An isosceles trapezoid with an acute angle of 60 is described near a circle with a root radius of 3.

An isosceles trapezoid with an acute angle of 60 is described near a circle with a root radius of 3. Find the midline of the trapezoid.

From point O, the center of the circle, draw the radii OK and OM to the swing points of the circle and the sides of the CD and AD.

Since the points K and M are points of tangency, and the segments DK and DМ are tangent, then the segment OD is the bisector of the angle ADC, then the angle MDO = ADC / 2 = 60/2 = 30.

In a right-angled triangle ОDM, the leg ОМ = 3 cm as the radius of the circle and lies against the angle 30, then ОD = 2 * ОМ = 2 * √3 cm.
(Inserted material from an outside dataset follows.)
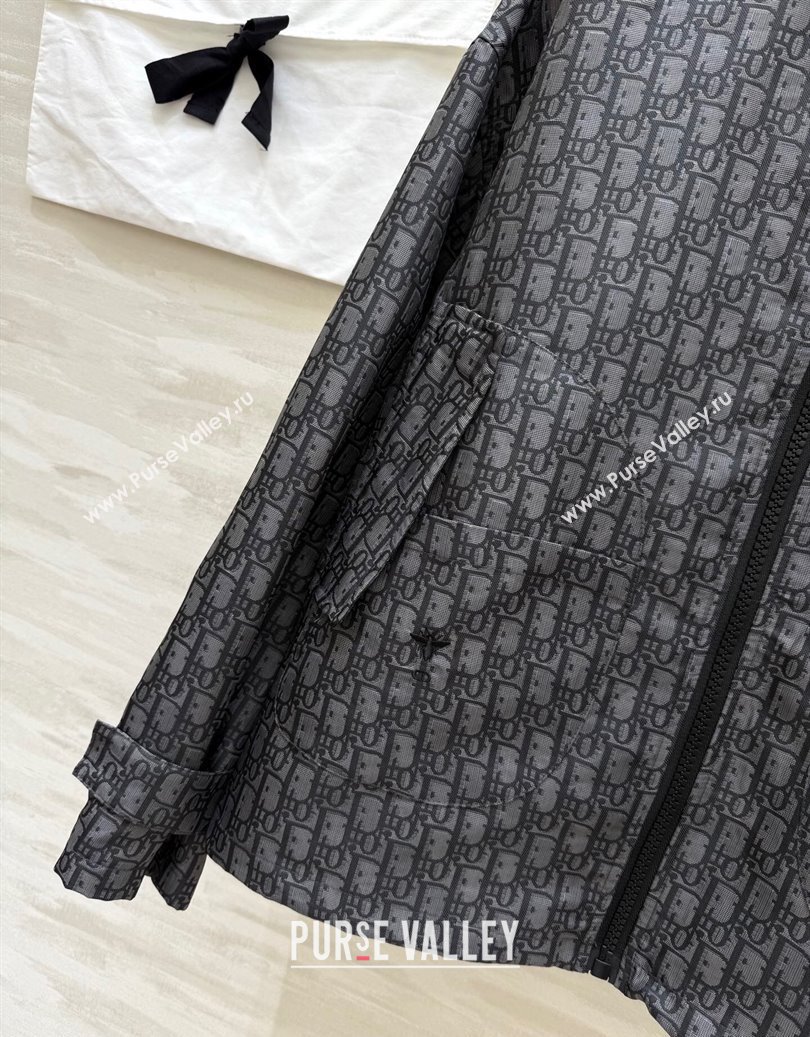 Dior Oblique Jacket Grey 2025 DR091901 (QI-250919002)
Then, by the Pythagorean theorem, DM ^ 2 = OD ^ 2 – OM ^ 2 = 12 – 3 = 9.

DМ = 3 cm.

In a right-angled triangle ABН, the leg BН = 2 * √3 as the diameter of the inscribed circle.

Then AH = BH / tg60 = 2 * √3 / √3 = 2 cm.

AM = DM = 3 cm, then НM = AM – AH = 3 – 2 = 1 cm.

DН = DМ + НМ = 3 + 1 = 4 cm.

In an isosceles trapezoid, the BH height divides the larger base into two segments, the larger of which is equal to the length of the midline.

Answer: The length of the middle line of the trapezoid is 4 cm.